WINTER’S BONE (dir. Debra Granik)

Winter’s Bone” isn’t what you would call an uplifting film. Ree, a teenage girl played by the fantastic Jennifer Lawrence, tries to find her father, a drug addict who has placed the family’s house for bail. It’s a simple story, but that central plot isn’t what’s really important; the film is really about how meth tears rural communities apart. “Winter’s Bone,” which was shot on location in the Ozark Mountains in Missouri, stands out because of its haunting atmosphere. You can almost smell the decay as Ree wanders among different, violent family clans, visiting decrepit houses in a futile search for help.

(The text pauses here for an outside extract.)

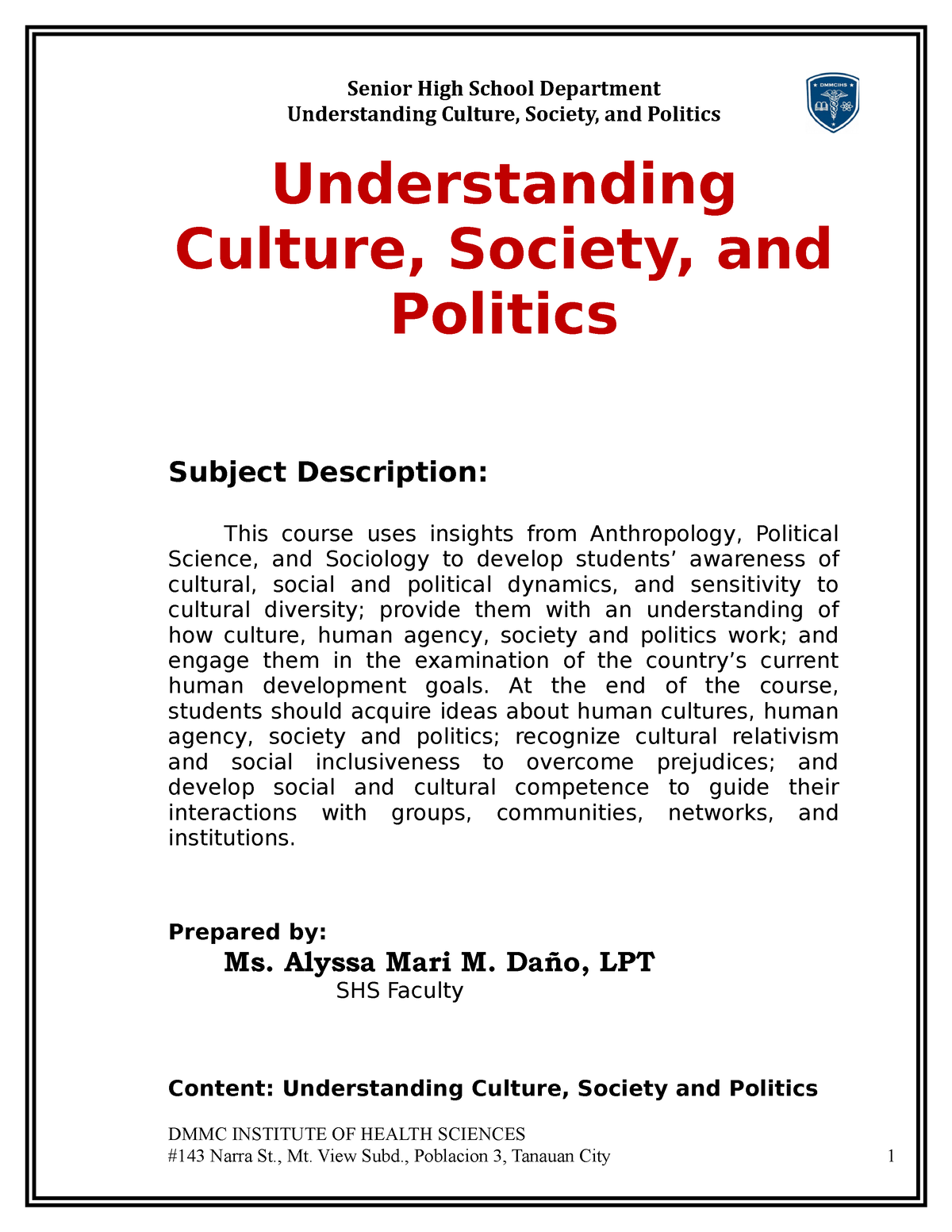 essay about understanding culture society and politics brainly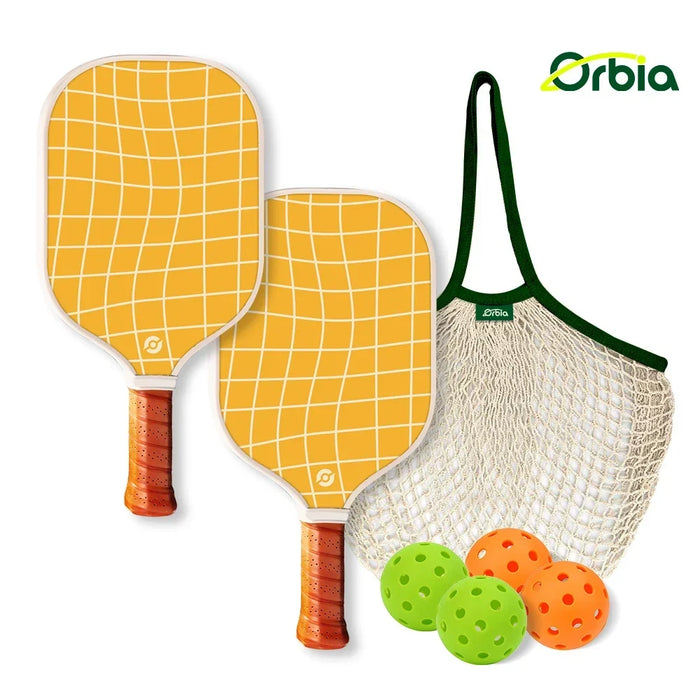 Kid's Pickleball Paddle Set with Glass Fiber Construction and 13mm Polypropylene Core for Outdoor Sports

Watching “Winter’s Bone” can be a painfully intense experience, but like the best neorealist films, it is anchored by the quiet strength of its hero. What Ree lacks in physical power she makes up for in perseverance and pragmatism. Audiences may squirm at the sight of Ree teaching her younger siblings how to skin a (real-life) squirrel, but there’s something touching about the gesture. It’s a passing of the torch in a land where family and neighborliness have faded into distant memory.